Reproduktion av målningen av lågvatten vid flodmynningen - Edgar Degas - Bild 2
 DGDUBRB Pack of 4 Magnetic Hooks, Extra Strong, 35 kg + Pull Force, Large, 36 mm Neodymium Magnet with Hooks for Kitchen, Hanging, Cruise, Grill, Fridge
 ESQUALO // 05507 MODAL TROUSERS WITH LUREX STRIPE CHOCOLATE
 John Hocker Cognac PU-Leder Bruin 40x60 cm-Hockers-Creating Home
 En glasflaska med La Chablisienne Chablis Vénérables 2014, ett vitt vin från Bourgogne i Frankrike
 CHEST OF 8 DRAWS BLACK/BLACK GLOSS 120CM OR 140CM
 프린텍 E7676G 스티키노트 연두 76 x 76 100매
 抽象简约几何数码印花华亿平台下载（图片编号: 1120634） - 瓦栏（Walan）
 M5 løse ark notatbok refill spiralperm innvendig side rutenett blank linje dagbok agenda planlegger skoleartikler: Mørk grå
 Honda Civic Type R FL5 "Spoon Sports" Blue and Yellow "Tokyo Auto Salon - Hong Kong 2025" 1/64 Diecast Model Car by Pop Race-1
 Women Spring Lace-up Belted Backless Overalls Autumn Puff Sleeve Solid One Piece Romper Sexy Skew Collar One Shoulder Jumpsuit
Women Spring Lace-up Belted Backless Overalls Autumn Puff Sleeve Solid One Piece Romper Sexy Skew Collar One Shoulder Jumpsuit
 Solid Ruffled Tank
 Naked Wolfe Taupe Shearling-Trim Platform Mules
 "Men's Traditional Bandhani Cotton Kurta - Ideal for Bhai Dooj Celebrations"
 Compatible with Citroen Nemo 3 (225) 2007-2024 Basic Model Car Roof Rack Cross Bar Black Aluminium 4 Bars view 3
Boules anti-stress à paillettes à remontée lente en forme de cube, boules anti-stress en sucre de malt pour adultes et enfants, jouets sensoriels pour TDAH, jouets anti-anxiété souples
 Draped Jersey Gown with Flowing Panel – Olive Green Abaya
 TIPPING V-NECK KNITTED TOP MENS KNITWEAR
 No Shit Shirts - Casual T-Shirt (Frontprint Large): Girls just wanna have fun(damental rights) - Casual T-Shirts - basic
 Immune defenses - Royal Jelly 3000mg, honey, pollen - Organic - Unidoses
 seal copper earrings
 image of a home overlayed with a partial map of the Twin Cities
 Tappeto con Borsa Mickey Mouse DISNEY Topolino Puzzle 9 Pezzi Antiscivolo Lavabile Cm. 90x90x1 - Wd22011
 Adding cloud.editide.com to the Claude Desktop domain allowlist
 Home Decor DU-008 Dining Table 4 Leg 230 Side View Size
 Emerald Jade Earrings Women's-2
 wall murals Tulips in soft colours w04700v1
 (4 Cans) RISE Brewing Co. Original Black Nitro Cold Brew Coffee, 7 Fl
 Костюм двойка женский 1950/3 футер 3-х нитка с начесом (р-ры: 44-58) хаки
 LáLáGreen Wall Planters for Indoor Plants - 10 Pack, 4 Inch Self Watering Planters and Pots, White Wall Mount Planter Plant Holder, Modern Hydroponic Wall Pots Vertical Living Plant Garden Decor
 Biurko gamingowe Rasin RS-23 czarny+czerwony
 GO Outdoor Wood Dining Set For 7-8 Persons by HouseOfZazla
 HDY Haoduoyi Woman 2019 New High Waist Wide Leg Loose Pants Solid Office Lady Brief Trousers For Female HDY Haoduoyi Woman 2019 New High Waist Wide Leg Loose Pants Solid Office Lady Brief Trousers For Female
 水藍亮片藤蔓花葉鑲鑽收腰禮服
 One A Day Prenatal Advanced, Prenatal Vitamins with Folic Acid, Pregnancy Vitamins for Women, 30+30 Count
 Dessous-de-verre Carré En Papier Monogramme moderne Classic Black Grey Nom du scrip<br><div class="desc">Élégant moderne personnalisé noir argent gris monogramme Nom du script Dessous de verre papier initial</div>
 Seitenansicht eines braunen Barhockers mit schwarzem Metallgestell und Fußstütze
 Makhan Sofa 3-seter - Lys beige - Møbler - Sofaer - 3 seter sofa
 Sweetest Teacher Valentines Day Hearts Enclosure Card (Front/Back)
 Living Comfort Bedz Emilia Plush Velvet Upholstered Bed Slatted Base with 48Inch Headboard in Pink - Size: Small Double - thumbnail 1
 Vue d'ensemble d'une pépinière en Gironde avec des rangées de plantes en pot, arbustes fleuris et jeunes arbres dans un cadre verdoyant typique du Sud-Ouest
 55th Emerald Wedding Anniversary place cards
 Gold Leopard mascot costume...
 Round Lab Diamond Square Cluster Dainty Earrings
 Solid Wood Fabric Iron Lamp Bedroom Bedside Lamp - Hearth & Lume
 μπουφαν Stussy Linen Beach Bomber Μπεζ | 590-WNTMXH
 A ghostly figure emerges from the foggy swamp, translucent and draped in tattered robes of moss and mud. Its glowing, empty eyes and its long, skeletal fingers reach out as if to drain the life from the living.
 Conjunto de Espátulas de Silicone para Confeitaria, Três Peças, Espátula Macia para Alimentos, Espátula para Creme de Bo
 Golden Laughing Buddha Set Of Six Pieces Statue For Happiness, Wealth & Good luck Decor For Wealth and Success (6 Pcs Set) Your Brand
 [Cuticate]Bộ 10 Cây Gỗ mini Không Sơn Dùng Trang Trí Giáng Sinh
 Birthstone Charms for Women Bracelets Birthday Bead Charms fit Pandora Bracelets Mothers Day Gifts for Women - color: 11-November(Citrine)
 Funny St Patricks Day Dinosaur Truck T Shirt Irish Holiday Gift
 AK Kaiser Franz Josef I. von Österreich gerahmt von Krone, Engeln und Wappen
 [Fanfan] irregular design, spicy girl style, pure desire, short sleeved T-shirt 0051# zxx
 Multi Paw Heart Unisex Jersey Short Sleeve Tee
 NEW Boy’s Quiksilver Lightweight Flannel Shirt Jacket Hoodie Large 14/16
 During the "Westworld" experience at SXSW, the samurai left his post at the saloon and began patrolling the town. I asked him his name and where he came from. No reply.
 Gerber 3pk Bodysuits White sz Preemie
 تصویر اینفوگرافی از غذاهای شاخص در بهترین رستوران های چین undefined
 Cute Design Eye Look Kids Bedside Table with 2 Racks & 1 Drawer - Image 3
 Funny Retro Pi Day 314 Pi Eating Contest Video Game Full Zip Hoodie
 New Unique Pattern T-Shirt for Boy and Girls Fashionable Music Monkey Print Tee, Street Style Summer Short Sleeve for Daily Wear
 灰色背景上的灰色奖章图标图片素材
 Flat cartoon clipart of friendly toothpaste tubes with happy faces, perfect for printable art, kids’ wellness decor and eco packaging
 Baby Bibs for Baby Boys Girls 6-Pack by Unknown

::::::

# Task directions
From the data above, return every line from the line that has "Home Decor DU-008" up to and including the line that has "Makhan Sofa 3-seter", exactly.

# Result for this exercise
 Home Decor DU-008 Dining Table 4 Leg 230 Side View Size
 Emerald Jade Earrings Women's-2
 wall murals Tulips in soft colours w04700v1
 (4 Cans) RISE Brewing Co. Original Black Nitro Cold Brew Coffee, 7 Fl
 Костюм двойка женский 1950/3 футер 3-х нитка с начесом (р-ры: 44-58) хаки
 LáLáGreen Wall Planters for Indoor Plants - 10 Pack, 4 Inch Self Watering Planters and Pots, White Wall Mount Planter Plant Holder, Modern Hydroponic Wall Pots Vertical Living Plant Garden Decor
 Biurko gamingowe Rasin RS-23 czarny+czerwony
 GO Outdoor Wood Dining Set For 7-8 Persons by HouseOfZazla
 HDY Haoduoyi Woman 2019 New High Waist Wide Leg Loose Pants Solid Office Lady Brief Trousers For Female HDY Haoduoyi Woman 2019 New High Waist Wide Leg Loose Pants Solid Office Lady Brief Trousers For Female
 水藍亮片藤蔓花葉鑲鑽收腰禮服
 One A Day Prenatal Advanced, Prenatal Vitamins with Folic Acid, Pregnancy Vitamins for Women, 30+30 Count
 Dessous-de-verre Carré En Papier Monogramme moderne Classic Black Grey Nom du scrip<br><div class="desc">Élégant moderne personnalisé noir argent gris monogramme Nom du script Dessous de verre papier initial</div>
 Seitenansicht eines braunen Barhockers mit schwarzem Metallgestell und Fußstütze
 Makhan Sofa 3-seter - Lys beige - Møbler - Sofaer - 3 seter sofa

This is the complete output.